Dissection is carried down to the fascia of superficial posterior compartment. The fascia is opened and debulking commences. Both the proximal and distal aspects of the Achilles tendon must be identified and dissected free of tumor and, if needed, resected to healthy tissue. Resection may extend to bone distally and muscle belly proximally. The FHL tendon and muscle belly are identified. In instances where less tendon length is needed, the FHL can be released at the most distal aspect of what is visible in the operative field. The tendon is transferred to the calcaneus through a drill hole. Supplementation of fixation, such as an interference screw, can be used to assist in securing the transfer.
Meticulous hemostasis is obtained to minimize risk of postoperative hematoma. In the setting of a large debulking, soft tissue rearrangement is often needed both to decrease potential space where a fluid collection may develop and to provide adequate closure. A resting equinus splint is applied.
Post-operative
The patient remains non-weight bearing in resting equines until gentle passive, progressive casting/splinting is initiated to bring the ankle into neutral after 6 weeks. The patient is then transitioned to a walker boot with a peel-away heel lift. The lifts are peeled away over a 2 week period. Physical therapy is initiated at 8 weeks for range-of-motion and gentle progressive resistance. Strengthening begins at 12 weeks. Adjuvant therapy (if indicated) is initiated after wound healing. The Musculoskeletal Tumor Society (MSTS) lower extremity functional scores were tabulated for both patients in this study [11].
Discussion and Conclusion
Tumor resection of the Achilles is a rarely indicated procedure. Few malignancies originate in tendon or aponeuroses and benign processes can often be treated with observation, avoiding the risk of operative complications in Achilles surgery [12-14]. In cases of tendon resection compromising plantar flexion, a durable, safe reconstruction is needed. We believe the technique described provides the surgeon a technique that allows for appropriate tumor excision, functional reconstruction, and an acceptable complication profile.

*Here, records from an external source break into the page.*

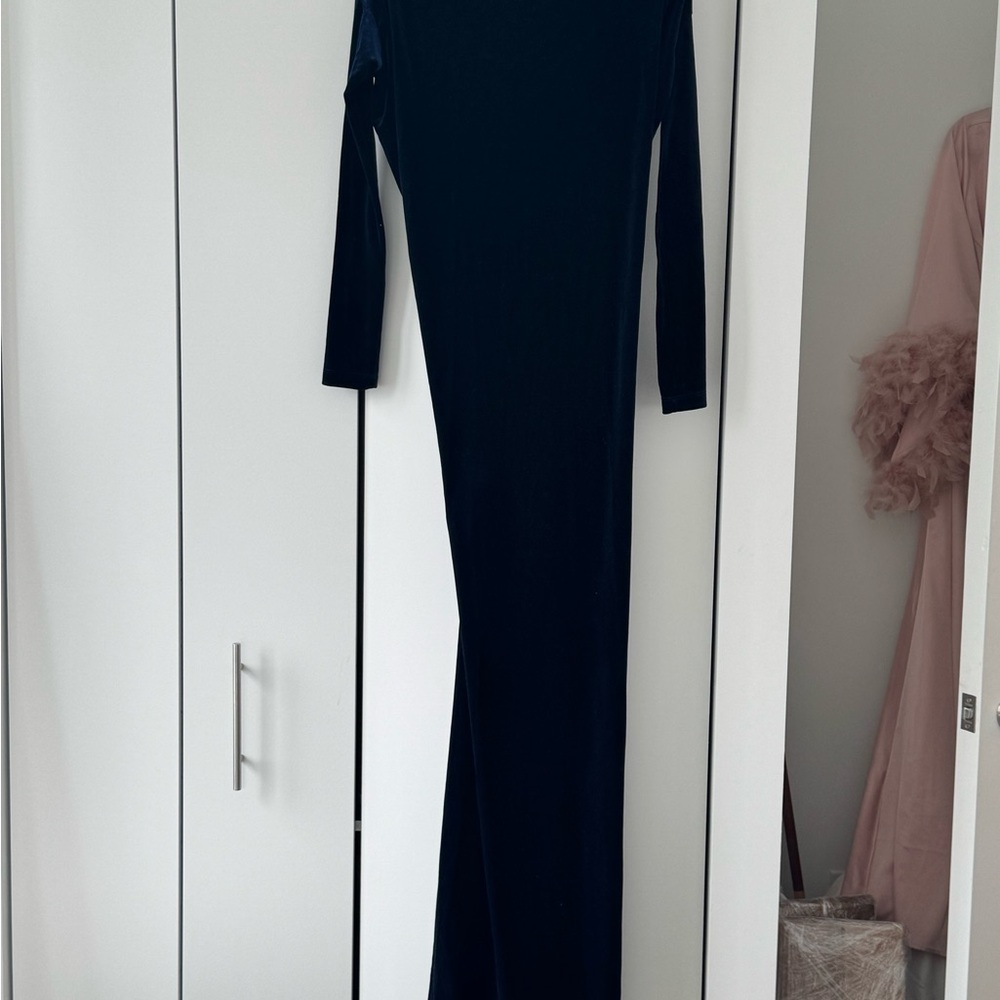 Issue New York Navy Long Sleeve Dress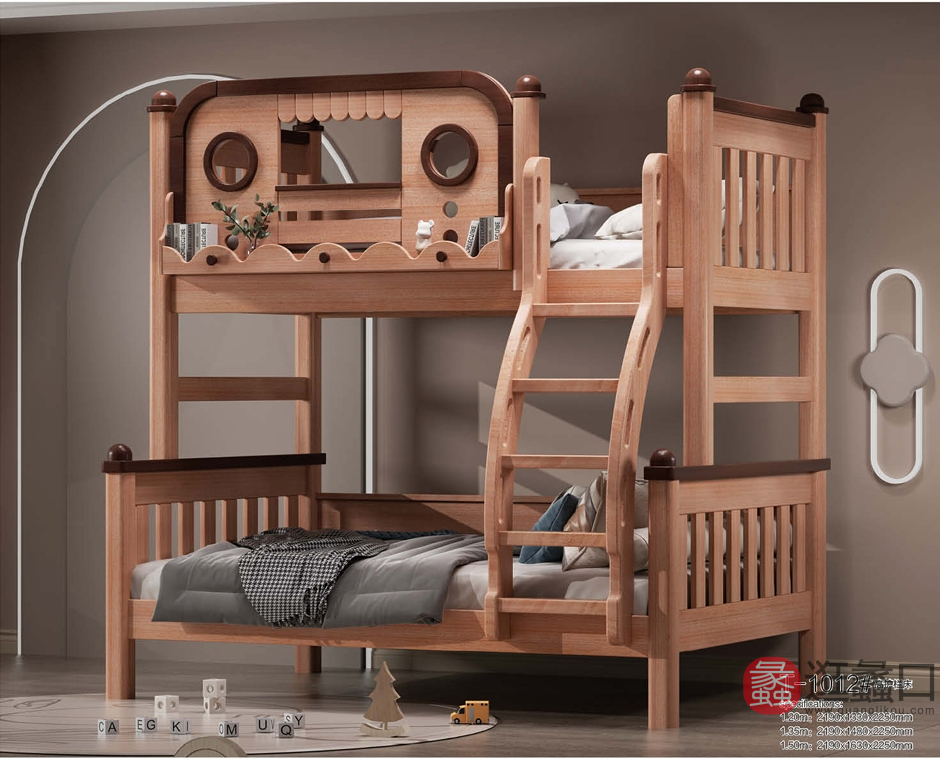 金童玉女儿童家具儿童房儿童儿童床12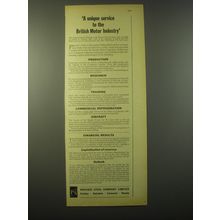 1965 Pressed Steel Company Ad - A unique service to the British Motor Industry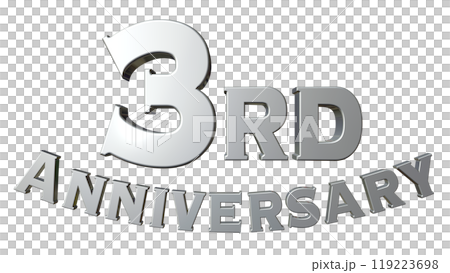 3DCG characters "3rd Anniversary/3rd Anniversary" Silver, Silver 119223698
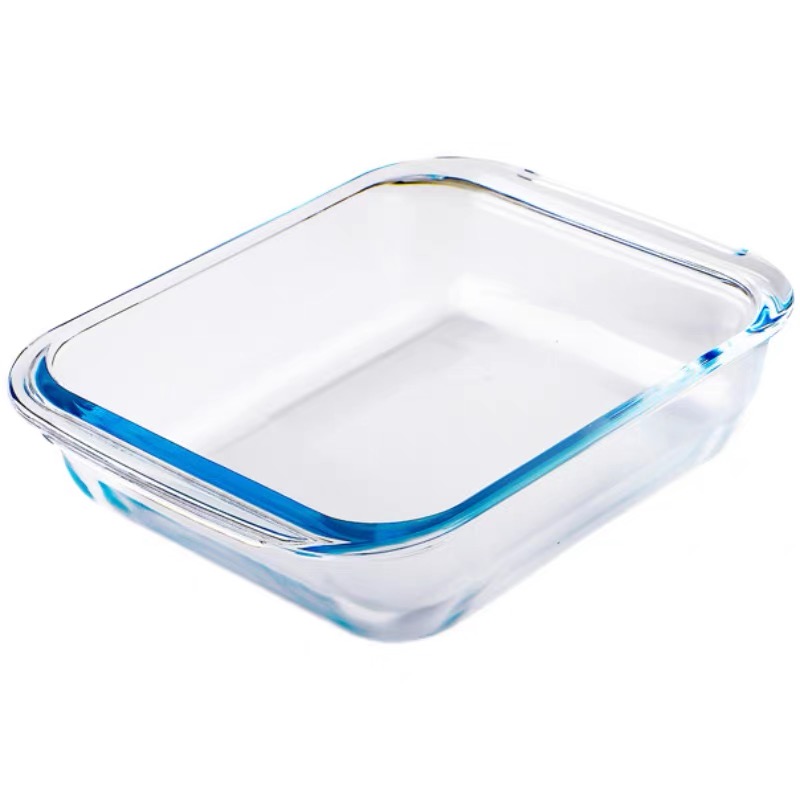 Oven Safe Square High Borosilicate Glass Baking Tray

The described reconstructions provided both patients with functional plantar flexion. Neither required adaptive footwear nor tissue transfer. Both were able to return to their vocation but patient #1 was unable to return to full recreational activity. The lack of bulk from a tissue transfer provided a cosmetically acceptable outcome.
This case series has several obvious limitations. Neither patient in this study underwent neoadjuvant radiation. Generalizations about outcomes and complications cannot be made about the procedure when performed in a radiated field. Patient 2 had adjuvants to reconstruction (allograft and screw). No conclusion can be drawn about the efficacy of these augments in this setting. Reports, though, have advocated their use for facilitating early rehabilitation [15] A larger series would be needed to fully understand their utility in the setting of tumor resection.

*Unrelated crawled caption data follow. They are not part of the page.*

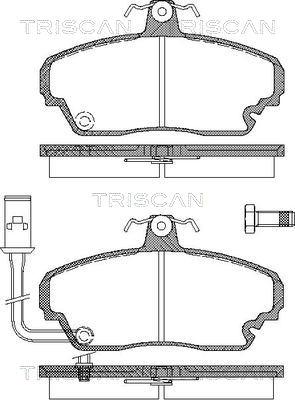 Triscan 8110 10508 - Kit pastiglie freno, Freno a disco autozon.pro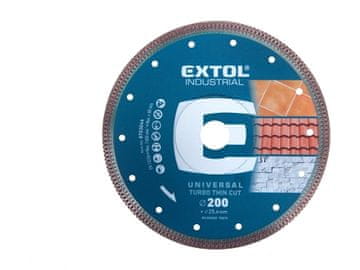 Extol Industrial Dijamantna rezna ploča 8703046, turbo Thin Cut, dry and wet cutting, O 200x25.4x2mm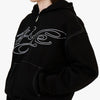 4YE Signature Zip Hoodie Black/White 4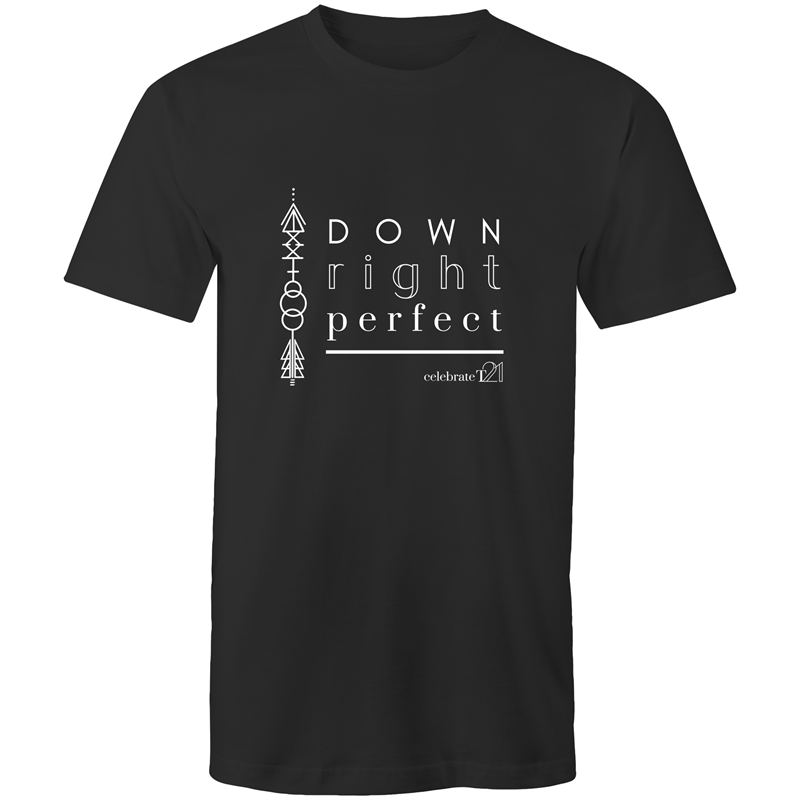 'Down Right Perfect' in Black or White - AS Colour Staple - Mens T-Shirt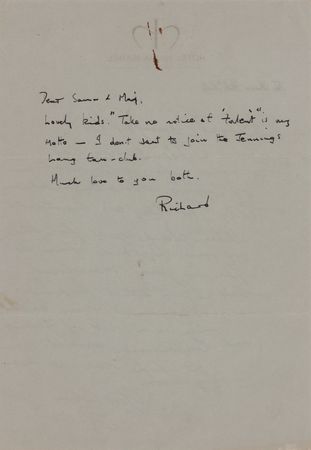 Lot #865 Elizabeth Taylor and Richard Burton (2) Autograph Letters Signed to Sammy Davis, Jr. and May Britt - Image 2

Both patients have loss of calf mass that could have been addressed by flap use. Neither had complaints regarding cosmesis. Both were able to wear a regular shoe. Although both patients returned to preoperative employment and excellent function, neither regained full strength. Both patients had superficial wound complications but were able to be treated without additional soft tissue coverage and in Patient 1 this resulted in only a minimal delay to commencement of adjuvant radiotherapy.
FHL tendon transfer provides a safe, effective Achilles reconstructive option following tumor excision. The technique employs operative principles developed for management chronic tendon tears but is applicable to scenarios in which there is no residual tendon due to tumor resection.